Since I began working, in 1967 at age 16, I have held nine full-time jobs and more than a dozen part-time jobs. I have been a babysitter, waitress, library assistant, a field hand, secretary, office manager, bookkeeper, and library circulation manager; in the academic world I have held five different research assistant positions, been a teaching assistant, and a college teacher at a total of four quite different institutions. During my 28 years as a teacher, I have prepared and taught twenty-six different courses in sociology, anthropology, education and statistics. During my academic career, I have also been paid for writing newspaper columns, research and consulting for community groups, writing book chapters, reviewing, and writing poetry.
During the forty years of my working career, I have seen office work go from manual to electric typewriters, to correcting electronic typewriters, to computers, to a host of digital devices. The first time I ran a computer program I handed a pile of punch cards to an operator in a huge room filled with a single computer, then waited an hour to receive my printout. Now I do far more complex analyses in minutes on my notebook computer while sitting on my front porch.
The first work telephone I answered had a dial, one line and no “hold.” Now the computerized VoIP phone on my office desk is capable of hundreds of functions. As a teacher I have gone from cranking out mimeograph and ditto handouts, to photocopies, to pin-dot printers, to full color desk jet printers that also scan and fax documents. In the classroom I’ve gone from 16 mm movies with projectors to video cassette recorders to DVD players. I’ve gone from film strips to overhead projectors, to PowerPoint, to Smart Boards.
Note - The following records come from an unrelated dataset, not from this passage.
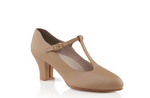 Capezio Footlight T-Strap Character Shoe, Adults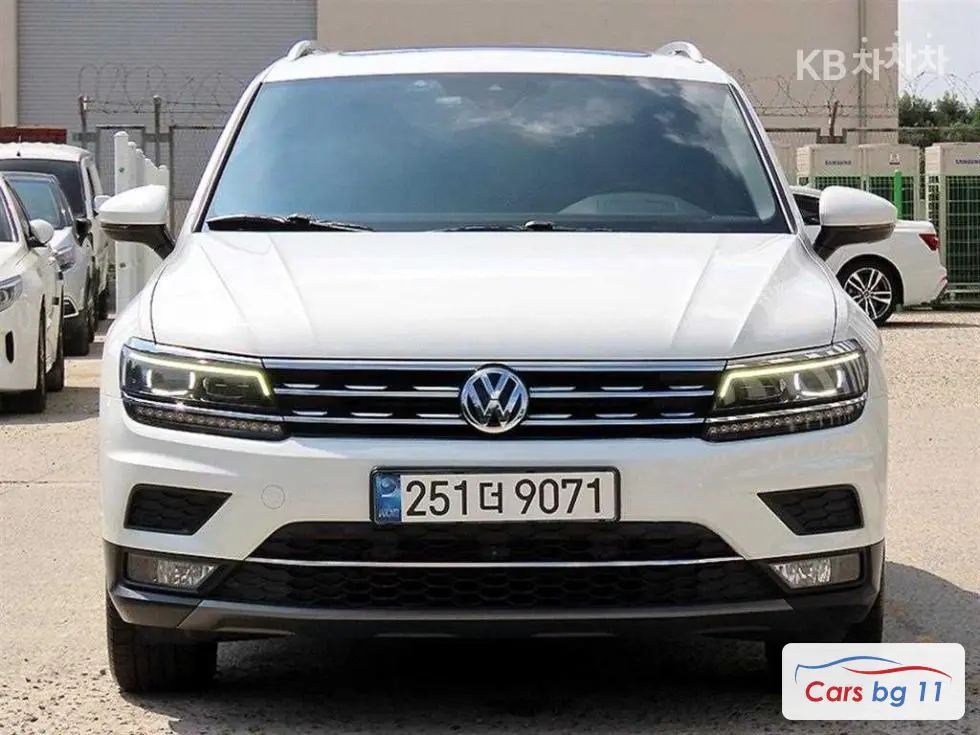 Volkswagen The New Tiguan2.0 TDI Prestige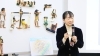 オシリスによる「最後の審判」を説明する村治笙子先生「古代エジプト、壁画から見る第18王朝、ツタンカーメンの世界」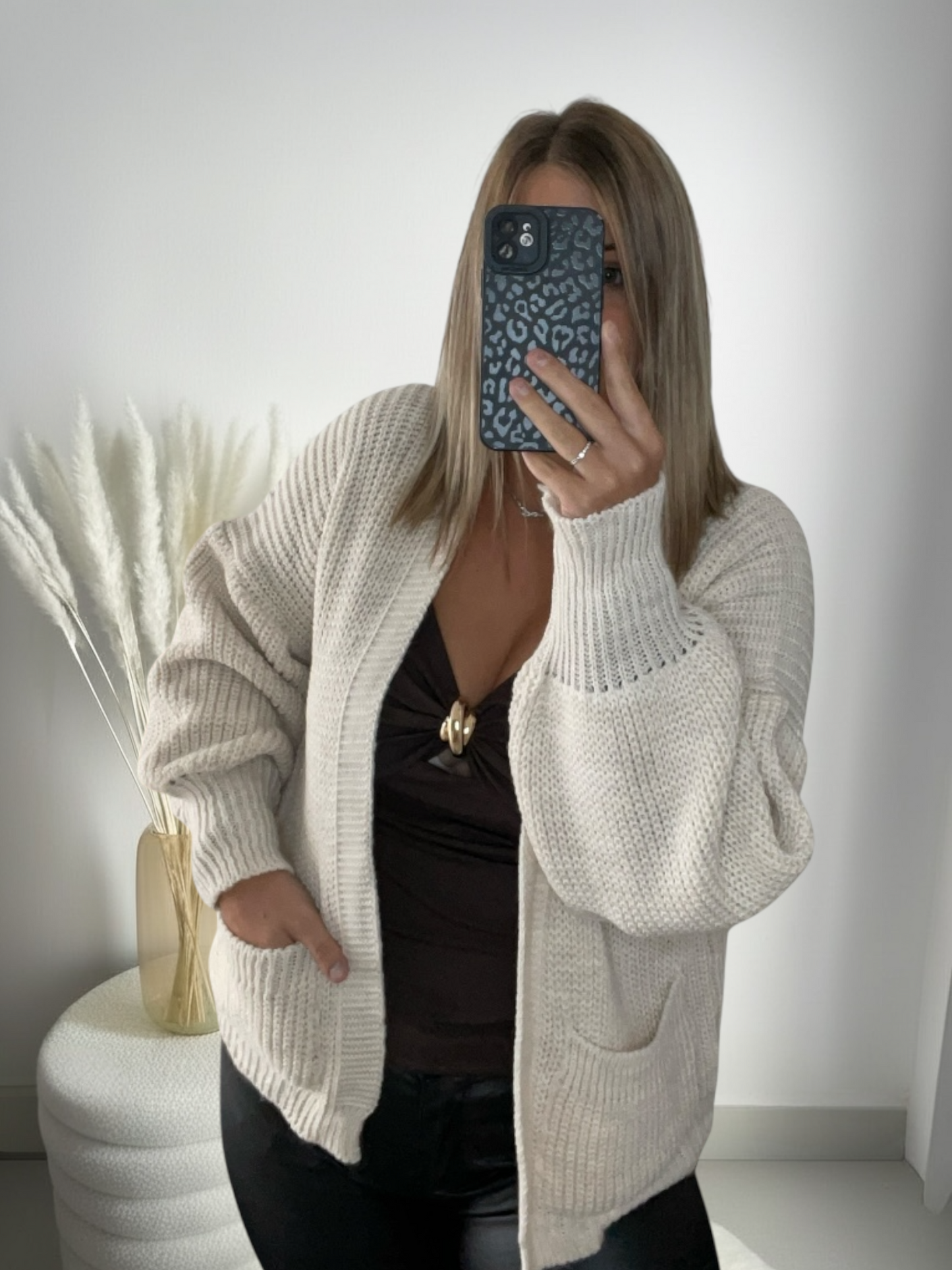 Gilet tricot LANA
After decades of teaching in classrooms with chalkboards, I have adjusted to teaching students simultaneously at multiple sites through interactive television, to telecouses and Internet courses.
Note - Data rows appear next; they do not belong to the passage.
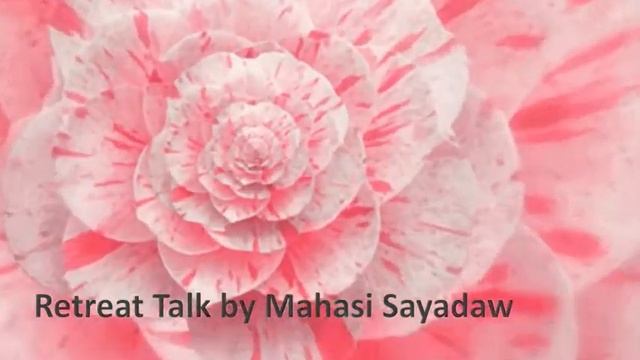 GUIDED MEDITATION Vipassana by Mahasi Sayadaw смотреть онлайн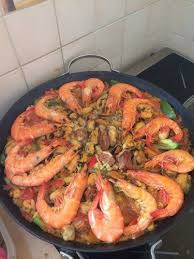 Paella Fruits De Mer Chorizo Et Poulet De Patou Recette Paella Recette Paella Plats Mijotes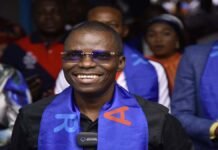 Élections 2023 : Eliezer Ntambwe dépose les dossiers de 14 candidats à la députation nationale pour Lukunga !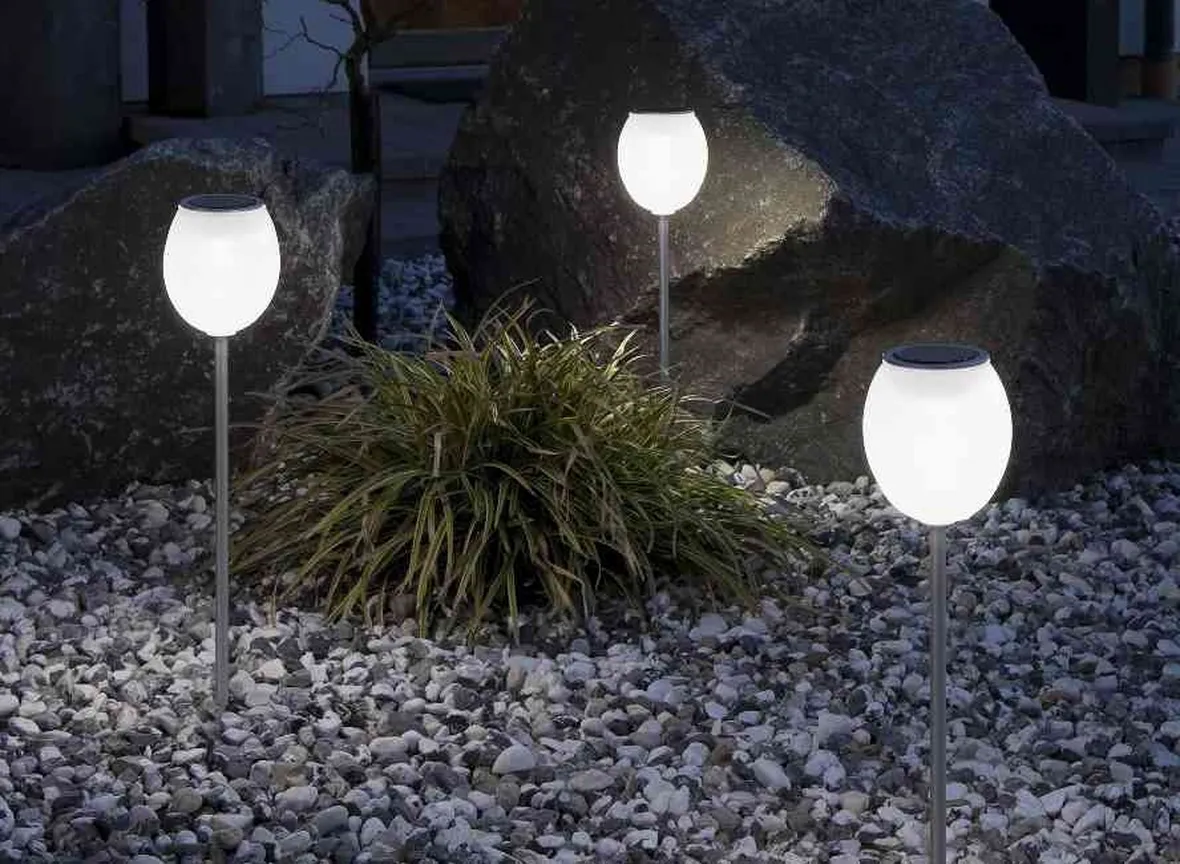 Lampade a energia solare per giardino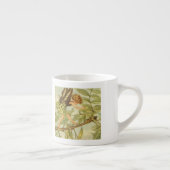 Ash Tree Fairy loopt op Branch Espresso Kop (Rechts)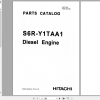 Hitachi S6R Y1TAA1 Diesel Engine Part Catalog H9841091960 1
The changes I have experience in the work world are typical for many workers of my generation, but they pale in comparison to the changes that young people starting in the work place today will face.
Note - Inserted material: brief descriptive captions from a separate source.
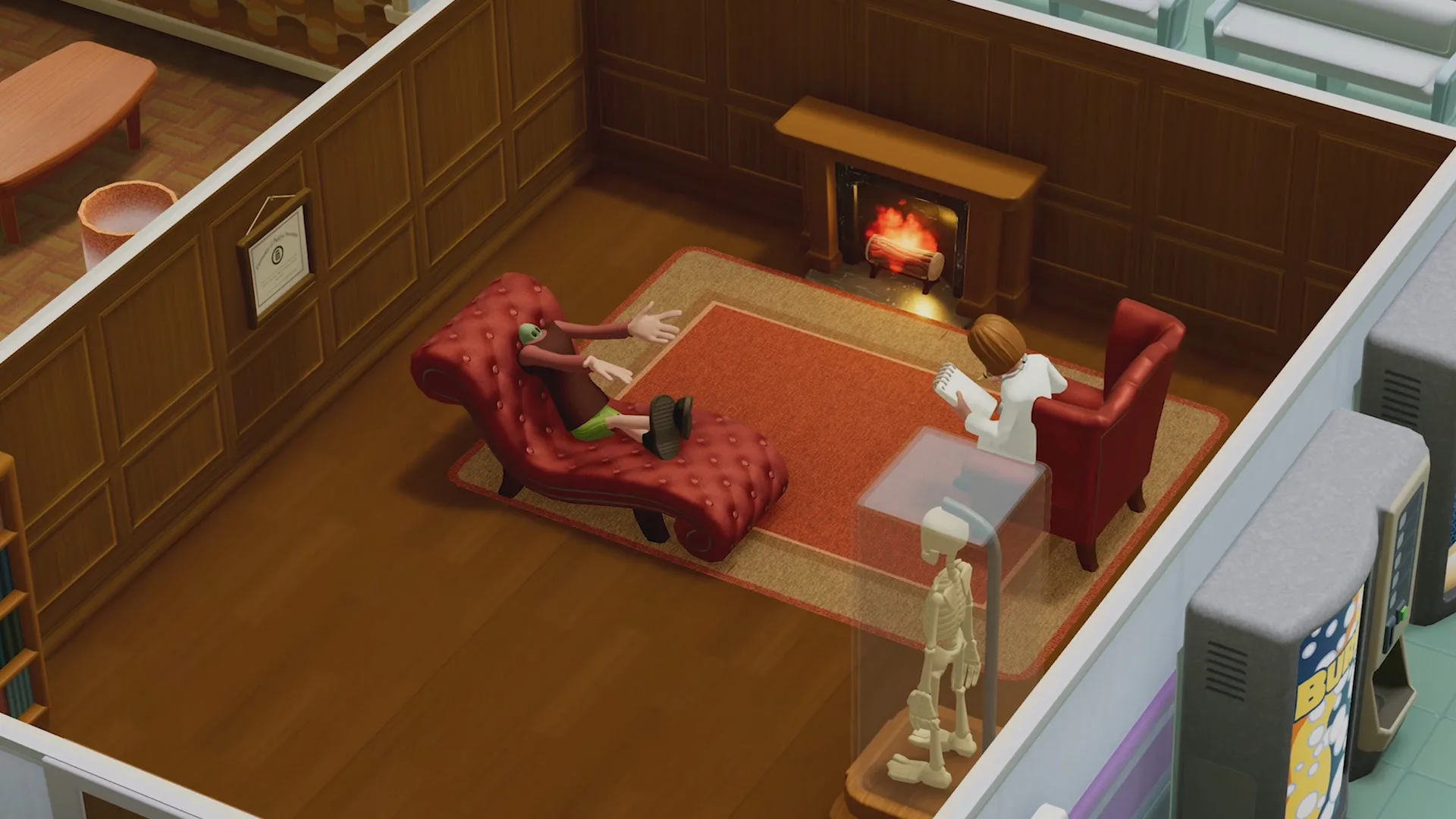 Two Point Hospital screenshot 3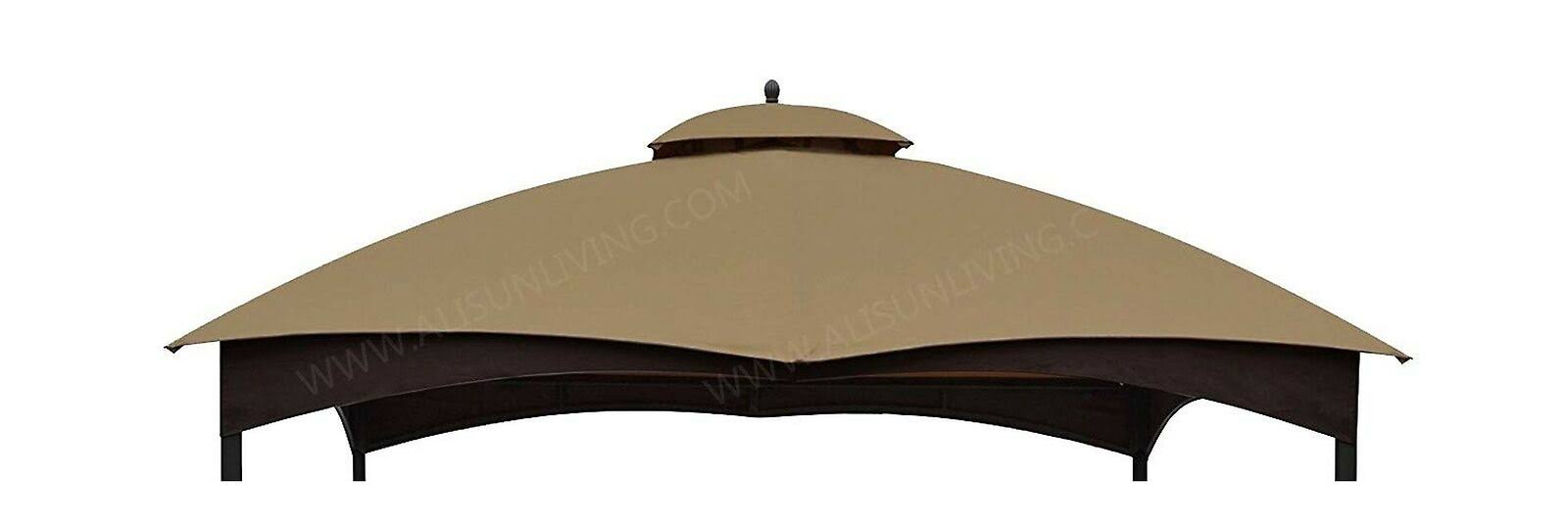 Alisun Replacement Canopy Top for Lowe&s 10& x 12& Gazebo #TPGAZ17-002C
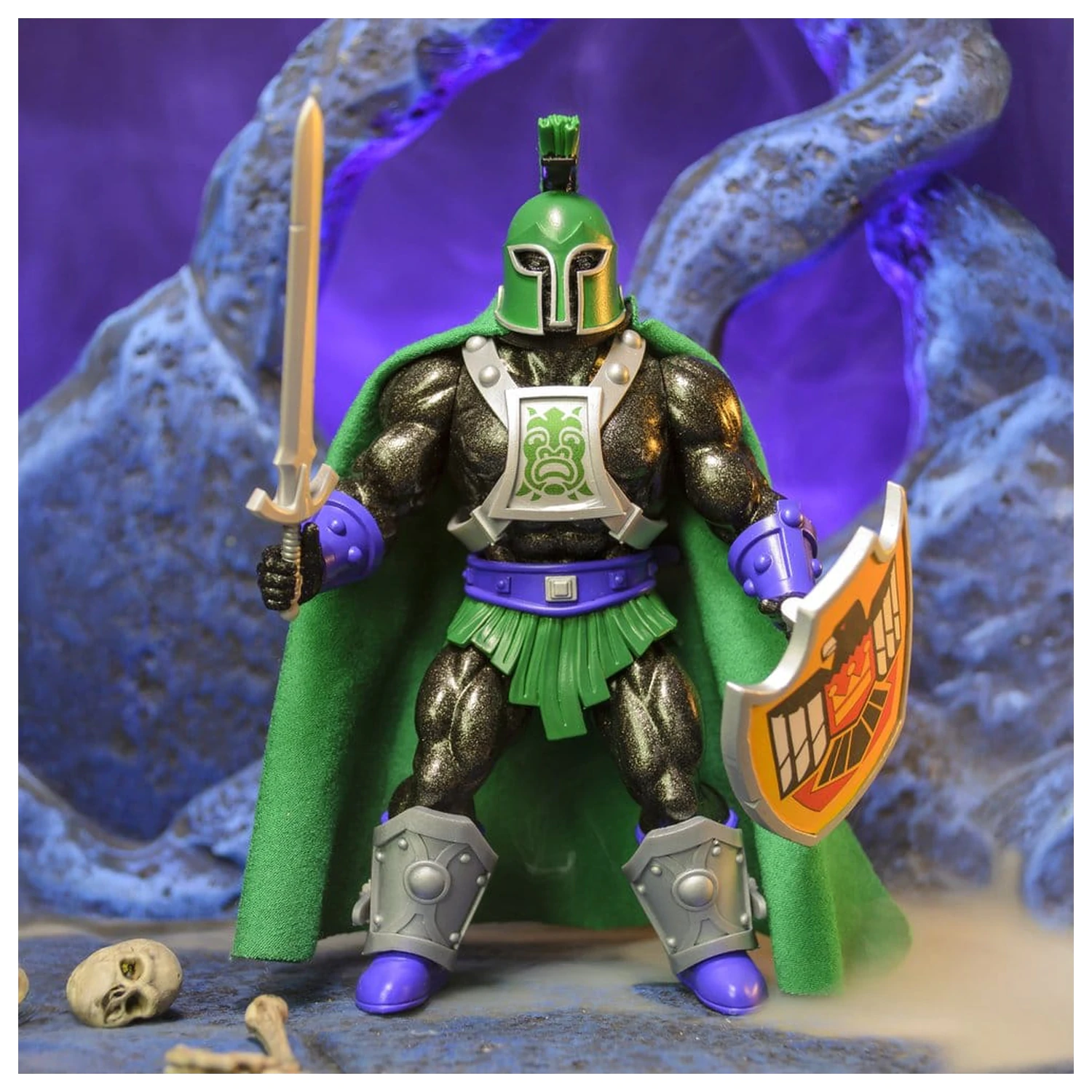 Legends of Dragonore: Warriors of the Galaxy Wave 2 Akční figurka Spikes 14 cm fotografii produktu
Like most workers many of my job changes over the years were not voluntary. Businesses went bankrupt, research projects ended or lost their funding, tenure and promotion was denied, and it was necessary to find a new job. Yet in forty years, the total amount of time that I have been without any employment is three weeks, and the longest single period of unemployment I ever had was five days during the recession year of 1973. Some of it has been luck and some sheer perseverance, but primarily I ascribe my ability to adapt, change and adjust successfully to the changing work world to a superior education.
The education I received in high school, but most especially in college, did one thing extraordinarily well – it taught me how to think and how to learn – about anything. Sure, I remember some of the content of the courses I took: the novels of D.H. Lawrence; the revolutionary designs of Frank Lloyd; the beauty of the poetry of the Bhagavad-Gita; the problems of urban renewal in the 1960’s; the problems of the Greeks in the Peloponnesian wars; the differences between the programs of Trotsky and Stalin. But content wasn’t really the point of my education. The point was developing the skill of reading and comprehending extremely complex information, and learning how to summarize it, analyze it, synthesize it and use it in new ways. I learned how to take any subject and learn what needed to be learned, then to apply that knowledge to new and unique situations.
This is the kind of education that we must invest in for the next generations of Kentuckians. This is a price we must pay to ensure all our futures.